Conversazione sulla figura di Vittorio Emanuele III
Si terrà domani, martedì 9 gennaio, l’evento dell’associazione Anassilaos dedicata al 70 anniversario della morte di Vittorio Emanuele III. Per l’occasione Antonino Romeo discuterà del re d’Italia dal 29 luglio 1900 al 9 maggio 1946, tornata prepotentemente alla ribalta della cronaca e della politica per la traslazione della sua salma da Alessandria d’Egitto, dove morì esule, in Italia.
La manifestazione, che si terrà alle 17,30 nella sala di San Giorgio al corso, sarà dedicata alla figura complessa che ha segnato fortemente la storia del nostro Paese regnando per ben quarantasei anni, anni ricchi di eventi e tragedie, dal terremoto del 28 dicembre 1908 alla Grande Guerra, dal sovrano fortemente voluta, anche contro la maggioranza del Parlamento; dall’avvento del Fascismo che egli favorì e consentì nel 1922, rifiutandosi di firmare lo stato d’assedio che gli veniva proposto dal Presidente del Consiglio Luigi Facta, e poi sostenne fino al 25 luglio del 1943, sia pure con qualche mugugno, dando luogo ad una strana e non sempre comprensibile diarchia.
Dalla guerra di Albania a quella d’Etiopia, che gli offrì il pomposo, ma effimero, titolo di imperatore, alla firma delle leggi razziali nel 1938 volute dal regime, che egli promulgò dimenticandosi che fu un suo predecessore, Carlo Alberto, ad emancipare gli Ebrei piemontesi nel 1848; dall’intervento italiano nella Seconda Guerra Mondiale, di cui ha, insieme a Mussolini, la responsabilità politica, militare e morale, fino alla ignominiosa fuga da Roma dopo l’8 settembre, abbandonando al proprio destino migliaia di soldati.

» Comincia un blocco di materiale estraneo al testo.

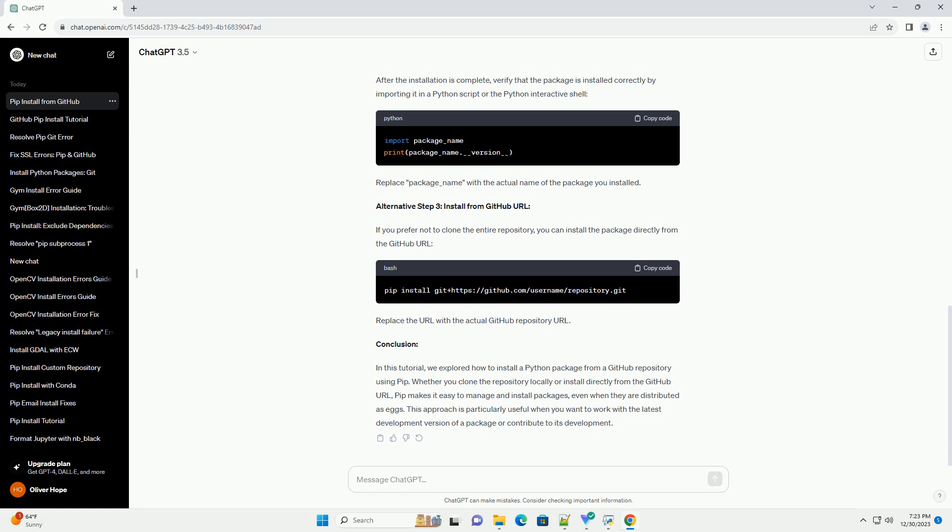Step 4: Verify the Installation. After the installation is complete, verify that the package is installed correctly by importing it in a Python script or the Python interactive shell. Replace package_name with the actual name of the package you installed.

Nei primi anni di regno, succeduto al padre Umberto I (1900), si adoperò per pacificare il Paese dopo le cannonate di Bava-Beccaris a Milano (1898) favorendo le caute aperture politiche e sociali di Giovanni Giolitti, uno dei leader politici più grandi d’Italia dopo Cavour ma i mesi precedenti all’intervento dell’Italia nel primo conflitto mondiale registrarono la sua volontà di imporsi al Parlamento, che era contrario all’intervento, con un quasi colpo di stato che ne rivelò una natura autoritaria e avvezza agli intrighi di palazzo e ai sotterfugi di cui diede prova nel luglio 1943.
Reggio Calabria lo vide più volte presente e lo ricorda con una certa simpatia. Nella città dello stretto sbarcò da sovrano d’Italia nel luglio del 1900 e vi tornò più volte: nel 1907 per inaugurare il busto in bronzo all’augusto genitore nella villa comunale, chiamata poi Villa Umberto I; nel dicembre 1908 a rendere omaggio alle vittime del sisma; nel 1922 ad inaugurare il nuovo Palazzo di Città (Palazzo San Giorgio); nel 1930, infine, ad inaugurare il monumento ai Caduti, opera di Francesco Jerace. Vi tornò fugacemente e in segreto il 4 dicembre del 1941, negli anni della guerra e il suo volto rivela stanchezza e tensione.